Discover Life

Technology and other features

John Pickering
University of Georgia, Athens

Original version for the
Global Invasive Species Information Network
workshop, Baltimore, Maryland, U.S.A.
6-8 April, 2004

Last updated: 7 November, 2005

Fallopia_japonica, Japanese Knotweed
Fallopia japonica, Japanese Knotweed

Photograph by John Pickering, 24 September, 2003,
Harz Forest, Lower Saxony, Germany.


Title: "Discover Life -- translating across standards"
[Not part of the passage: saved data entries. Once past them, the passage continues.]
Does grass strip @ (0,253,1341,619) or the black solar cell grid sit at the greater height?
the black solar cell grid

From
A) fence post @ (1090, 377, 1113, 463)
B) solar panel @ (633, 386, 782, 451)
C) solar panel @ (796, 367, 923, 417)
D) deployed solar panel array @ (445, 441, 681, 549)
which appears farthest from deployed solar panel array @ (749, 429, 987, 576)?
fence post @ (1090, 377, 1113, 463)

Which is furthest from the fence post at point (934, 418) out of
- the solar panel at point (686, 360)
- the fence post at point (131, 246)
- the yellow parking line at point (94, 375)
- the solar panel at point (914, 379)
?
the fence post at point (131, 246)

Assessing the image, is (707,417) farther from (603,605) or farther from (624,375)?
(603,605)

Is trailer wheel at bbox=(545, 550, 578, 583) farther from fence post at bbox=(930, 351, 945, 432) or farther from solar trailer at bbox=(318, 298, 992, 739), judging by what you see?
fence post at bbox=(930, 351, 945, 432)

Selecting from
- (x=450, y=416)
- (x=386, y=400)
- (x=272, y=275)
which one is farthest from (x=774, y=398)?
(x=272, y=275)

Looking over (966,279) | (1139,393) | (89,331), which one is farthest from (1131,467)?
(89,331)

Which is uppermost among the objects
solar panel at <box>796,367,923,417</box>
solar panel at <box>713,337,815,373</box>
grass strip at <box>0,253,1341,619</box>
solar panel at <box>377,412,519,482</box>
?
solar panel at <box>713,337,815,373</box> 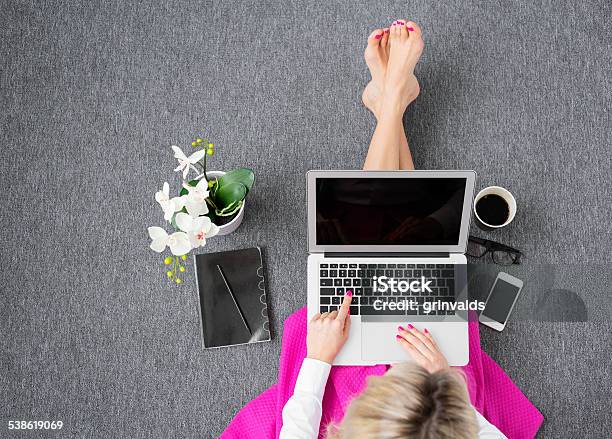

Abstract: Discover Life (http://www.discoverlife.org) provides Web tools to assemble, process, and share text and images on invasive and other species. These tools help users to identify, report, database, and map information using most browsers. They are designed to integrate data from numerous sources, require minimal training or technical knowledge to use, and are available to everyone with Web access for free. The philosophy behind their success is that it is much easier to build translators to share data than it is for everyone to adopt one or more new data standards. With the exception of TCP/IP and other low-level protocols, it is unlikely that new standards will meet all the specific needs of the global invasive species community. Furthermore, because of the high costs of moving from legacy systems, rewriting functions, and retraining personnel, it may be more efficient to integrate exisiting systems and data structures than to adopt new ones. Discover Life's tools allow users to import data using Web forms and software packages that export HTML, XML, RFC822 headers, or flat text files. They support Excel, Access, and SQL databases. The presentation will demonstrate how to add, share, and query data with (1) Discover Life's IDnature guides and checklists, (2) its Global Mapper developed in partnership with Topozone.com, (3) a reporting system that supports customized species data entry forms, and (4) a Web-based data manager that uses globally unique identifiers to label specimens and track records. For details please see http://www.discoverlife.org/pa/or/polistes/fe.


IDnature guides
20q software lets folks quickly build checklists and guides to groups of taxa. There are two easy ways of getting data into this format. One can either import them from a text file or one can enter them using Web forms. Both processes are simple. Paul Fine at Chicago's Field Museum did this recently and now has working checklists/guides on the Web. For example, see
http://pick4.pick.uga.edu/mp/20q?guide=Burseraceae for his guide, and, http://pick4.pick.uga.edu/mp/20q?act=x_checklist&list=Burseraceae for his checklist. He started these on 29 January. For all practical purposes, they are done. Note that this checklist links to species pages that include photos and maps of each species (see below). If folks have data in flattened ASCII text files, we can import their data rapidly. Robert Luecking at the Chicago's Field Museum built a guide to 154 species of Graphis fungi in an hour or so, starting with his Excel spreadsheet of the species and their character-states. In total, there over 50 guides at some stage of development. We can import data from Lucid and DELTA guide formats among others. We can export in XML format.

Photos
20q includes tools to process images and add them to guides and species pages, which are accessed through the checklists. Again this is a fairly straight forward process. Step 1 is to ftp images to Discover Life. Step 2 involves Discover Life assigning unique identifiers to each image and preprocessing them en masse. Step 3 involves the guide/page buider processing the images and linking them to the guides/pages. Step 3 is simple and done entirely through Web forms. Ten minutes of training; no Photoshop experience necessary.

Maps
Our Global Mapper overlays spatial data from multiple sources onto Topozone.com's maps and aerial photos. It is an ideal tool to map specimen level data on the Web. Points on the map link back to specimen level records. For example see the "Demo" at http://pick4.pick.uga.edu/mp/20m which maps data from 7 databases. Users can build custom maps for one or more species. For example, see http://pick4.pick.uga.edu/mp/20m?w=720&h=360&r=20.32&e=304477&n=4702700&z=19 &kind=Acer+platanoides,Celastrus+orbicultus that maps data on two invasive species from Concord's Public Works Department's database. Points on these maps link back to the databases and their individual records (see Labels below). Getting data into a format for the Global Mapper is straight forward. The mapper has multiple import/interface features. The simplest is to use a flattened ASCII text file exported from a database/spreadsheet. The format of this file is the same as for importing data into guides and checklists.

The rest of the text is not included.